Security Vulnerability Found in Apple M Chips

Apple continues its long journey with Intel with M1 model brought to an end together, making Mac and Macbook models faster than ever. Moreover, it achieved this by using less resources. Currently also with M3 chips The company, which continues to make jaws drop, is on the agenda with an unfortunate issue.

According to a study by academic researchers on M chips -which includes both M1, M2 and M3 models- cyber attackers, encryption key There is a security vulnerability that allows it to access the verification keys we mentioned. This includes all Mac devices released since 2020.

So what does this mean?

Predictively optimizes order processing time and therefore memory speed prefetcher components are the main source of the problem. Researchers have already mentioned the vulnerability and the attack style as “GoFetch” he named it. In this attack, keys are extracted from fixed-time encryption applications through prefetchers. Since the attack develops thanks to data-based prefetchers, it is described as a side channel attack. The difference between data-based ones is that in addition to the addresses that plain prefetchers take into account to make predictions. data values to see as well.

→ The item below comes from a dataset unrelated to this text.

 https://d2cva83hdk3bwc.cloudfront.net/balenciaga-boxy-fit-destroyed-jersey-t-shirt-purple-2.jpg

To clear up the confusion, these data-based ones to sensitive information Let’s say that it makes access possible. One of the most sensitive information is encryption keys. The heart would like to say “Apple should make an update and let it be resolved.” But researchers say that the problem lies in the microarchitectural structure of the M chip, which is why it cannot be updated. As if this were not enough, methods to ensure security also include M chips. will be detrimental to performance It is said.

Researchers brought the issue to Apple at the beginning of last December, but after 107 days, the issue was made public. Therefore, it is stated that cryptographic application developers, in particular, should take stricter security measures to ensure security.